It is a broken record.

The economy is in turmoil.

Consumer prices are unstable.

Housing prices may plunge — or not.

The naysayers are insistent.

Only a fool would buy a home.

Their argument is simple.

Homes are unaffordable.

The problem with that stance is it has been used in every rough economic patch only to prove that those with financial discipline and have their priorities in order that go ahead and take the plunge weather subsequent periods of economic turmoil even better.

That’s because buying a home, without going overboard for your finances, stabilizes your biggest monthly expense — shelter.

Back in 2008 I was told repeatedly by “the financial experts” and just about anyone else channeling doomsday scenarios that buying a house as “an investment” was a bad long-range strategy.

Prices were still falling.

People were losing their homes.

House values would never ever be the same.
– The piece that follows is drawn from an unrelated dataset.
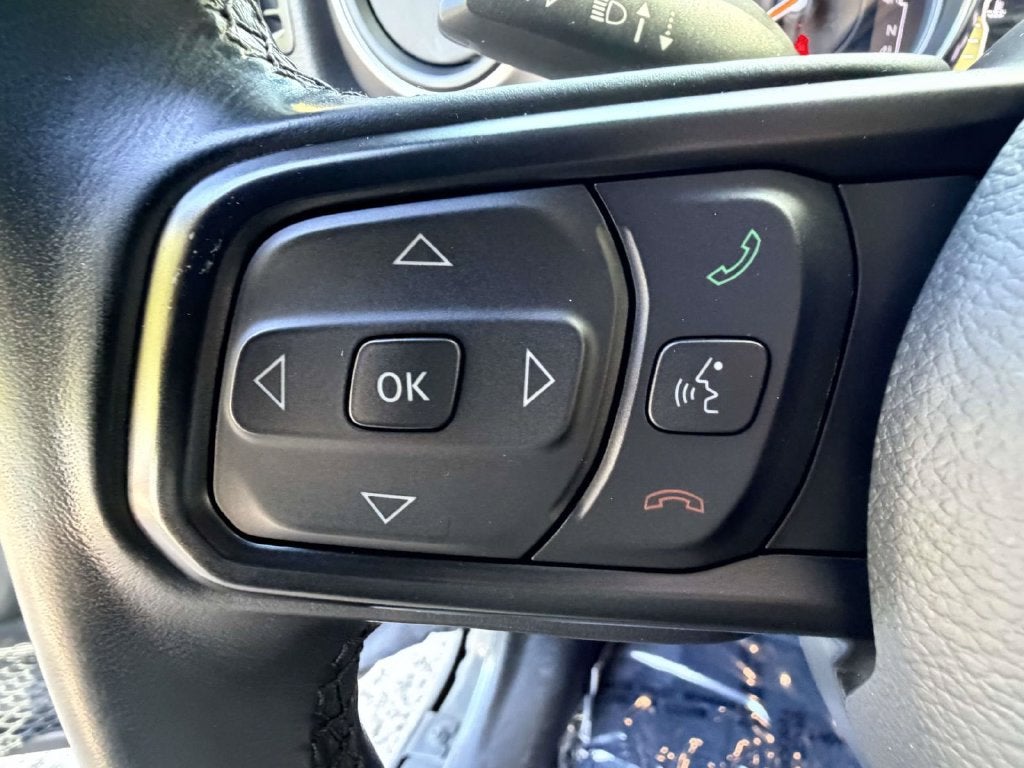 2021 Jeep Wrangler Unlimited Sport S 4x4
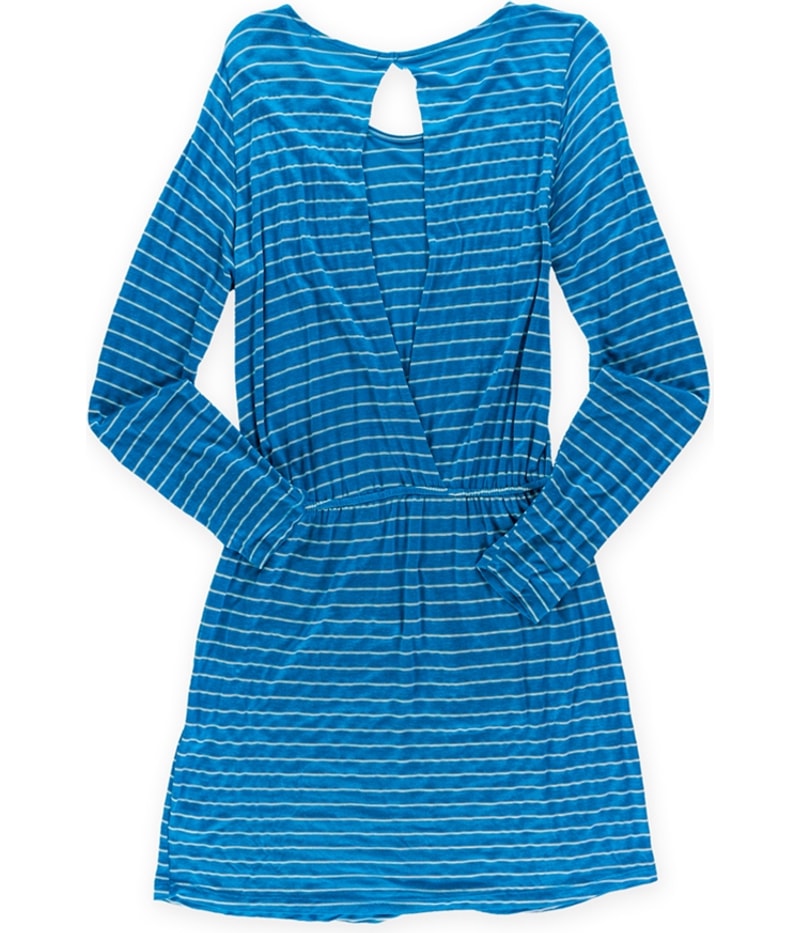 Big Star Womens Andrea Pocket A-line Dress, view 2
I ignored those assumptions. The reasons I’ll explain in a second.

But first let’s see what I was paying for housing in January of 2008 when I finally decided the time had come to stop renting.

I was paying $845 a month for a two-bedroom, one-bathroom apartment at Laurel Glen in Manteca with 801 square feet. Add in my rental insurance and I was paying $860 a month for housing. My rent was about to go up to $865 a month.

It was clear unless I stabilized my monthly housing costs that it would continue to rise, going up faster than any potential wage increases.

I ran numerous scenarios and concluded that by January 2013 I’d be even in housing costs if I bought.

I opted for a 990-square-foot home with two bedrooms and one bathroom along with a carport, garage and a 5,000-square-foot lot for $184,900. My monthly housing payment including mortgage insurance of $76 a month that will go away when I exceed 20 percent equity plus my homeowners insurance and taxes came to $1,191.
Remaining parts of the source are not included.